[Mailman-Developers] (More) pristine archives

Barry A. Warsaw barry@zope.com
Wed, 28 Aug 2002 09:26:29 -0400

>>>>> "TK" == Tokio Kikuchi <tkikuchi@is.kochi-u.ac.jp> writes:

    >> An interesting issue came up today while we were playing with a
    >> Bayesian spam classifier.  Mailman's archives aren't very
    >> clean.  Messages are sent to the archiver after various
    >> headering munging steps, including the adding of the List-*
    >> headers and the Subject prefix.

    TK> The headers are in the raw archive and not in the monthly (or
    TK> quaterly, weekly) text format archive. I would rather stop
    TK> publicizing the raw archive even if the other archives are
    TK> public accessible. At least it should be configurable (in
    TK> mm_cfg).

Some headers are stripped before being added to the quarterly/weekly
mini-archive, but both see messages /after/ they've been munged.

(On the second point, I'll try to look at patch #594771.  That would
see like a good opportunity to make raw archives optional.)

    >> We still want to do some munging, e.g. for anonymous lists.
    >> This tells me that we may want to move ToArchive up before
    >> CookHeaders in the global pipeline.

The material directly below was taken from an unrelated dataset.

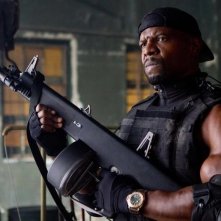Terry Crews armato fino ai denti in una scena de I mercenari 2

    TK> We use a modified version of mailman 2.0.x in Japan and we
    TK> like a feature of adding numbers in the subject header. The
    TK> users tend to reference articles by the number not by the
    TK> archive URL.  So, we want the archive to be munged.

That seems to be the concensus, i.e. the archive should reflect what
the members get.  Makes sense -- if you want a more pristine archive,
you can interpose a tee to a file before the message gets to Mailman,
or you could add a different handler module.  I'll leave things as is.
    TK> BTW, I'm preparing a patch for numbering the subject prefix.

Cool.  But this is likely a new feature that will have to wait until
after 2.1 final.